My editor will wait a few beats. Then, she’ll send me a very calm email in which she will (1) not point out that I am being melodramatic and maudlin, (2) not tell me to get over myself, (3) not tell me to please stop sending her ridiculous emails because she is an extremely busy person and doesn’t have time for this, and (4) gently suggest that I perform a particular task. For example, she’ll write, what if I made a chapter map of the book so far, so that I can have all the plot points written down neatly to refer to as I reconsider the overall structure?
“It is impossible!” I will write to her. “Didn’t you see March of the Penguins? I will die on a glacier and my egg will never hatch! Fine,” I’ll mutter. “Fine! I’ll make a stupid chapter map! No one understands my pain!” I’ll climb into bed in my flannel pajamas with tea and tissues and my laptop and my manuscript and the most depressing music ever, and I’ll force myself to start the damn chapter map.

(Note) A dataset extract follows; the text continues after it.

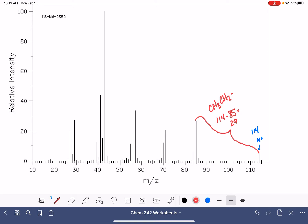We also have another gap right here. So this gap corresponds to 85 minus 71. That is a 14. That corresponds to a CH2 group. None of this is really that surprising because we expect to have those types of groups present in our molecule.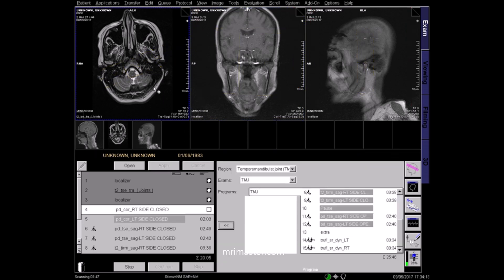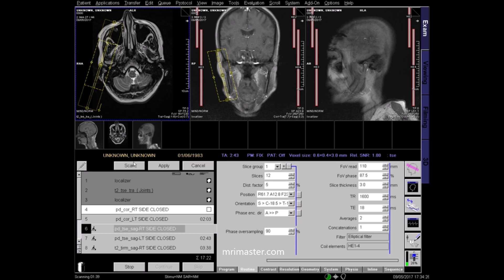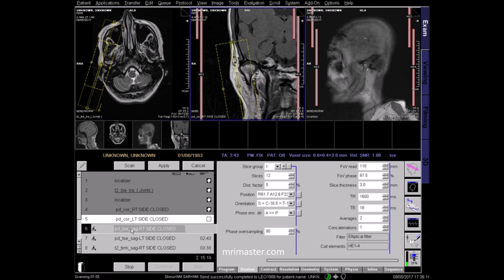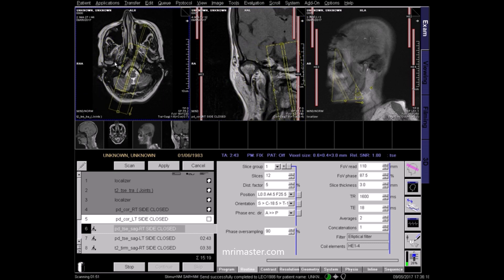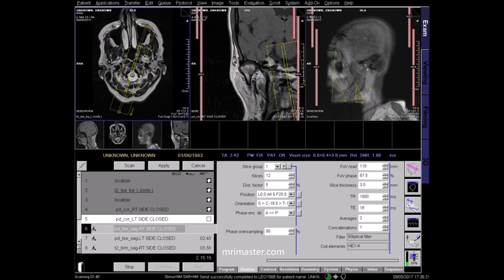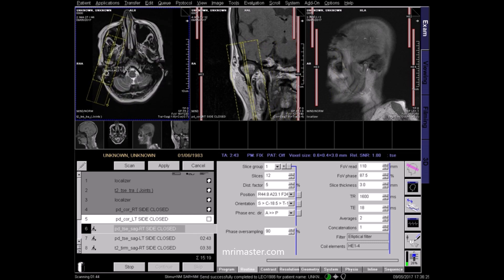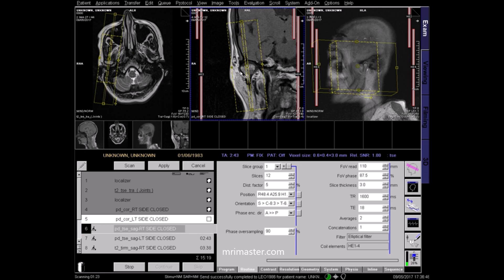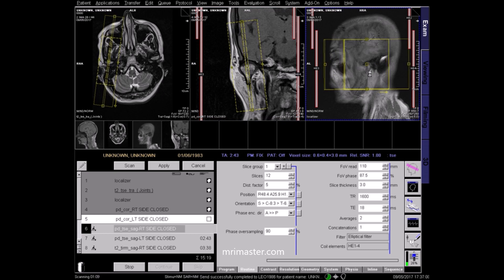Next, plan the sagittal PD and T2 STIR sequences of the right and left TMJs. Bring up the acquired right coronal PD images. On the axial image, plan the right PD sagittal sequence perpendicular to the long axis of the mandibular condyle. On the coronal plane, centre to the joint and angle along the right ramus of the mandible. Adjust the centring in the sagittal plane and apply.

You know what happens next? It will turn out that making a chapter map is a fairly mindless activity that doesn’t require an emotional investment. This means that I’m able to start it, and continue it, and really get into it, despite being anxious, worried, and emotionally exhausted. But it’s also an activity that (sneakily) gets me back into the book, the very book that I couldn’t bear to touch just moments before. And once I’m inside the book but not consumed by all that bad feeling… I start to be able to see the structure… I start to realize that maybe it’s not too big to wrap my brains around… I start to be able to ask myself questions. “Wait. What if I were able to get from Point A to Point B in some simpler way, without that big tangle of confusion? Wait. What if I could remove this entire subplot? Hang on, what if the relationship between Character A and Character B were more joking than antagonistic? Might that clear up that thing that isn’t working with Plot Point X? Ooo! I can’t wait til I have time to think about this more! Ooo! I… maybe… just possibly… maybe I can do this?”
One could almost forget that it was my editor’s gentle hand that nudged me in the direction that saved me. My editor? She knows how to do her job.
Editors, in general, work quietly, behind the scenes, and consequently do not get enough credit. And they get more than their fair share of criticism. How often do you hear someone say, “That book really could have used better editing”? I hear it all the time, and always think to myself, Really? How do you know it wasn’t the fault of a stubborn writer? An editor might know what’s right for the book, but she can’t make the writer do it. And when a book is beautifully edited, no one knows, because it’s invisible to the audience, like the world’s best stage directions.
Today I’d like to say a special thank you to my editor for the beautiful work she does. She knows how to find the best in me as a writer, and that is a rare and precious gift.